Their Descendants...Their Stories...Their Achievements

Lifting the Mists of History on Their Way of Life

By: Ethelene Dyer Jones


Saturday, December 10, 2011

Patterson Families--Early Settlers in Union (part 2)

Last week’s column introduced early settler families in Union County with the last name Patterson. In 1834, four families with Patterson surname numbered 34 persons; in 1840, that number had climbed to ten Patterson households with 55 total; and by 1850, there were eleven Patterson households with a total of 73 persons and one slave.

Continuing with Patterson families, we will look a bit more closely at some of them. We noted that John Patterson was here in 1834. Family information holds that he and his wife Margaret Black came to the area that became Union as early as 1829. Their son, George, also settled along Ivy Log Creek in Union about the same time his father came. In the 1834 census, John’s household had four males and three females, and George’s family also had four males and three females. Both of these had farms along Ivy Log Creek, but George Patterson was also a milliner by trade, making hats from sheep’s wool. George was married twice. His first wife was Rebecca Chastain. After her death, he married Sophia Dunnigan.
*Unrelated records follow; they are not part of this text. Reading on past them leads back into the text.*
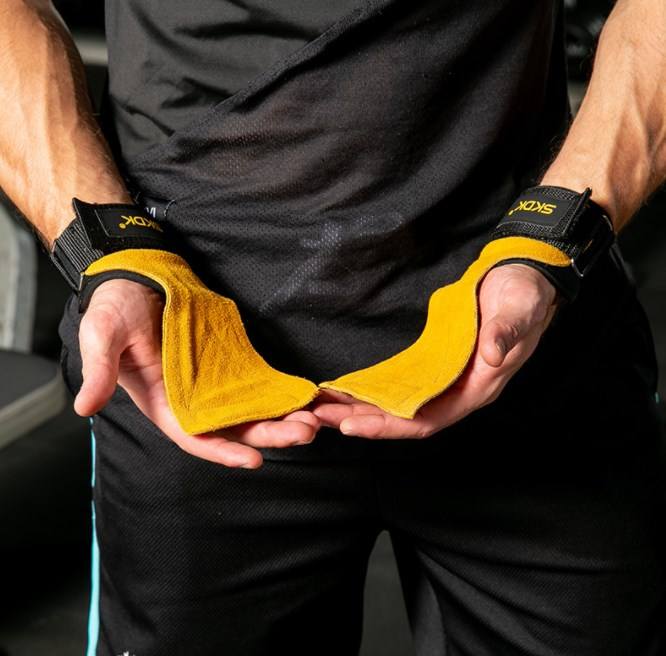 Hot sale Cowhide Wrist Brace Weight Lifting Straps Palm Pad Guard Gym Fitness Palm Protector For Exercise Factory Direct Sales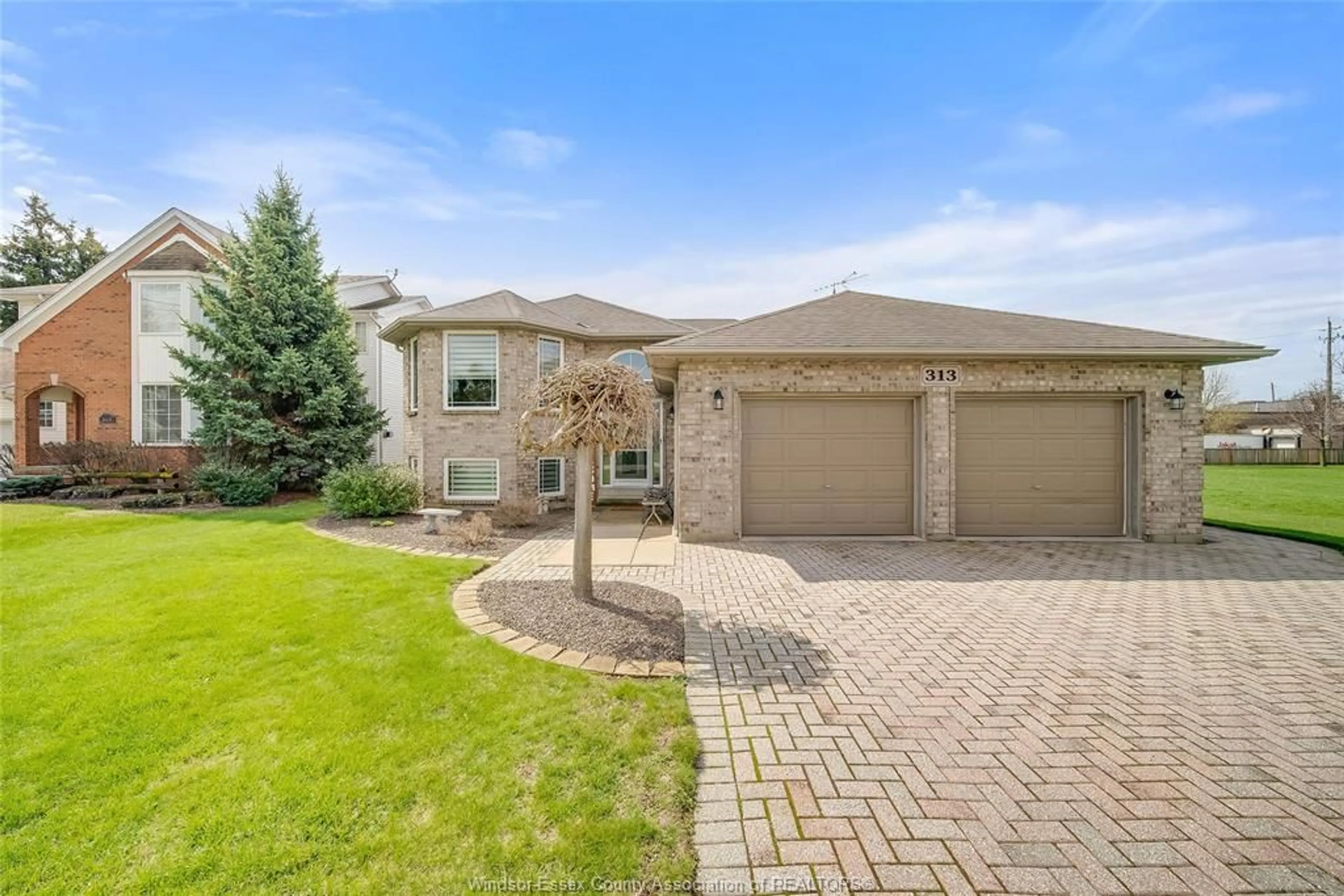 Home with brick exterior material, street for 313 APPLEWOOD, Kingsville Ontario N9Y 3Y7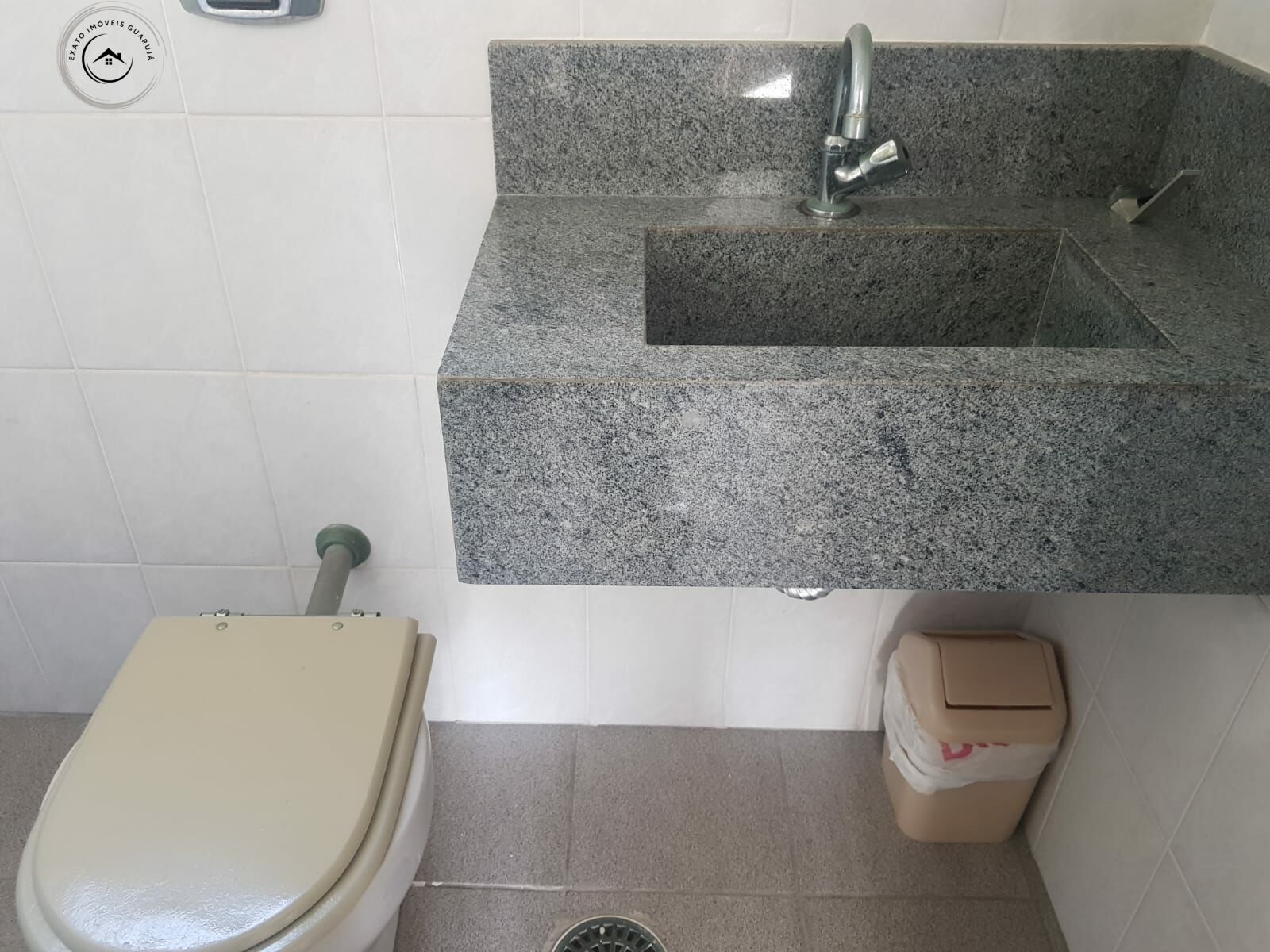 Apartamento Cobertura Triplex para Aluguel em Praia da Enseada Guarujá-SP - foto 29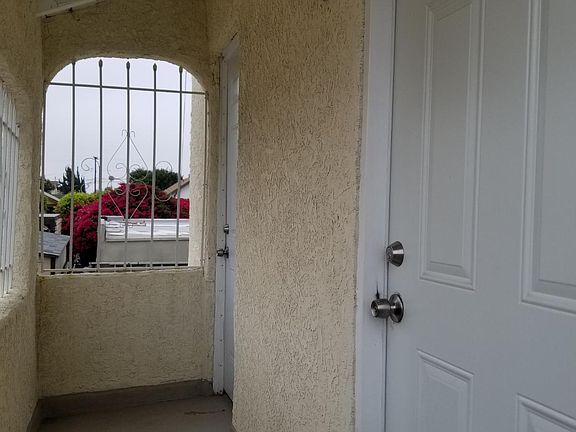 2nd image of 1028 W 103rd St #1028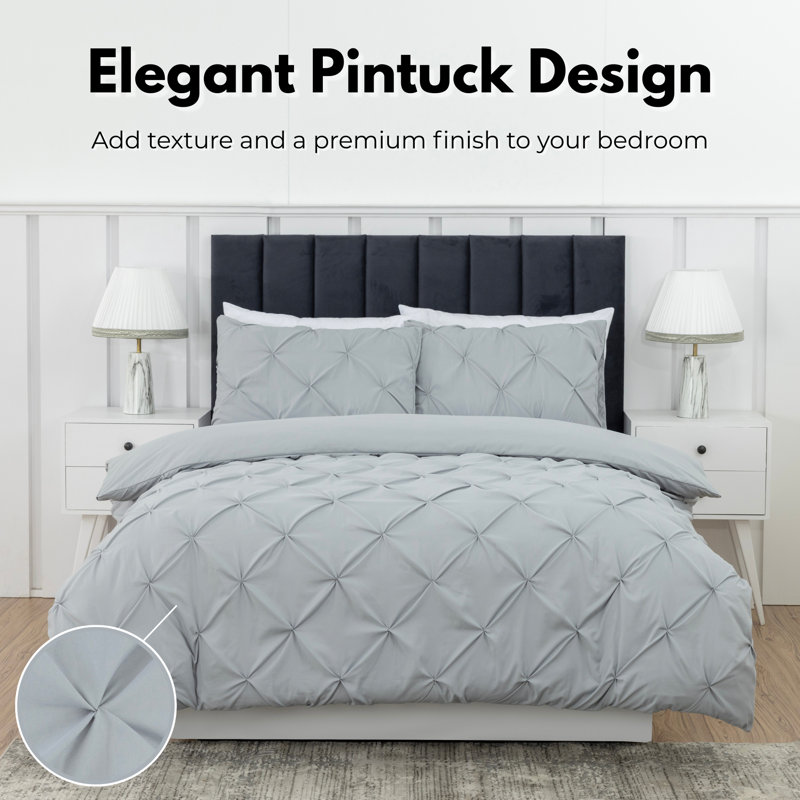 MHG Living Luxury Bedding Set - Pintuck Duvet Cover with Fitted Sheet & Pillowcases - Single/Double/King/Super King, King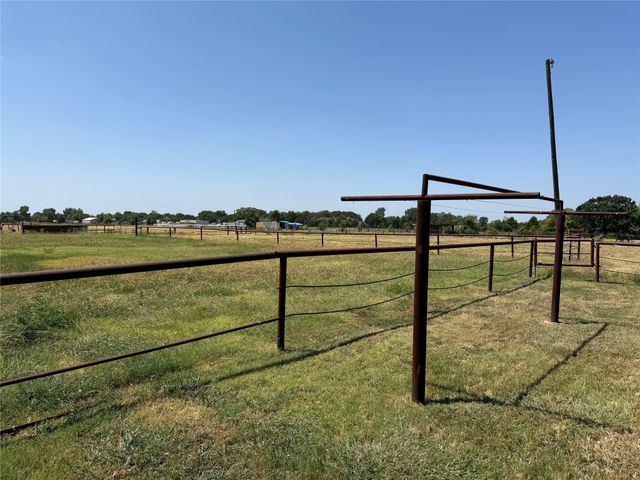 420 Barnes Bridge Road, Sunnyvale, TX 75182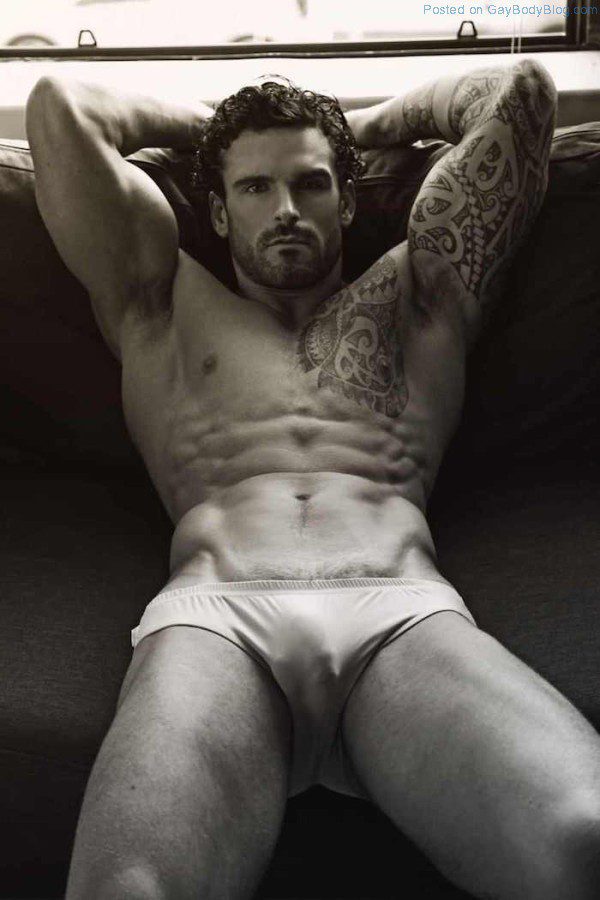 Any Excuse To Ogle Stuart Reardon 6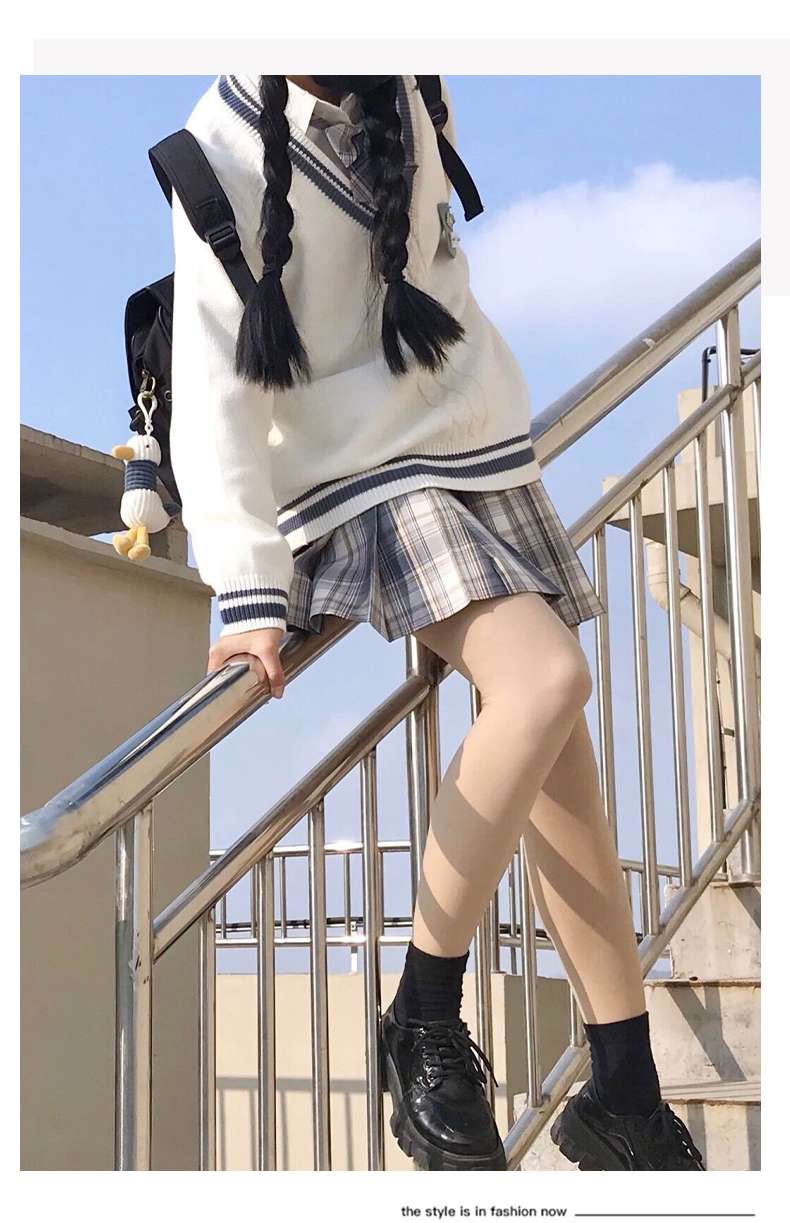 セーラー服 学園風セーラーカーディガン 清楚な白ニット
One of the sons of George and Rebecca Chastain Patterson was named William Harden Patterson (b. April 10, 1832, d. 1883). He married Elizabeth Akins on November 5, 1853 with Hampton Jones, Justice of the Peace, performing their ceremony. When the Civil War came William Harden Patterson and his younger brother, John, both enlisted in the Confederate Army. They were mustered into Company B, 6th Regiment, of Georgia Volunteers. Both lived through the war.

William Harden Patterson and Elizabeth Akins Patterson had a large family of twelve children: James Alonzo, Sarah Florence, Martha Elizabeth (nicknamed “Jeff” because her father, William Hardin, known as “Bill” was such a staunch supporter of Jefferson Davis, President of the Confederacy), Rebecca Emmaline, Mary M, John Lumpkin, Lewis, twins William Elisha and Joseph Elijah, Vienna Caledonia, Lula L, and George Bunyan.

Bill and Elizabeth’s oldest son, James Alonzo Patterson (Nov. 30, 1855 – 1953), was ordained a Baptist minister. He married Rozella Sparks. Their children were Semon, Howard, Harden, Ellen, Milton, Maude, John, Howell and Elizabeth. Bethlehem Baptist Church in Lower Young Cane District was formed in 1848. Some of the Patterson families attended and were active in that church, and William Harden, Elizabeth, Rev. Alonzo and Rozella and other of the Pattersons were buried in the Bethlehem Baptist Church Cemetery.

Twins of William H. and Elizabeth Patterson, William Elisha and Joseph Elijah, were born September 12, 1871. Elisha Patterson (1871- ?) married Julia Brackett (1875-1933) on July 24, 1895 with Rev. D. A. Sullivan performing their ceremony. I did not find a list of their children. The other twin, William Elisha Patterson, married Nancy Jane Ammons in 1901. They lived in Fannin County near her parents until Nancy’s untimely death with tuberculosis. Elisha farmed and sold fresh produce. They had six children: The first infant died at birth, The other five were Clinton, Nellie, Grace, Earl and Kathryn. On a cold day, December 31, 1917, Elisha Patterson loaded his five small children into a covered wagon and moved them and their household goods from the foot of Aska Mountain in Fannin County back to Young Cane in Union County. Later they moved to Ivy Log and then to Upper Young Cane. Back in Union, some of his relatives helped him with the children while he worked to make a living for them. Elisha Patterson, almost blind in his old age, was killed when he walked into an oncoming automobile in November, 1957. He was interred at Bethlehem Baptist Church Cemetery.

The Patterson surname is still numerous in Union and other North Georgia counties. The name Patterson derives from the Scottish and Northern English patronymic form, Patrick, shortened sometimes to Pate, hence son of Patrick, son of Pate, and then Patterson. By the fifteenth and sixteenth centuries in England, Scotland and Ireland, the name Patterson was common. William Patrison was listed as a “gentleman” in Aberdeen, Scotland in 1446. James Patterson was noted as a Sheriff Deputy in Inverness, Scotland, in 1530. John Patersoune was a Burgess in Northberwyck in 1562. George Patersoune was a monk in the monastery of Culross in 1569. Whether related to the Pattersons who migrated to Union County in 1829, I do not know, but Rev. Hampton William Patterson was born June 18, 1806 in North Carolina and died in Henderson County there February 28, 1880. He was ordained to the ministry by Mountain Creek Baptist Church in Rutherford County, NC in 1834, and was appointed superintendent of public schools there in 1841. Pattersons have been contributing citizens in various aspects of culture, education, politics and ministry.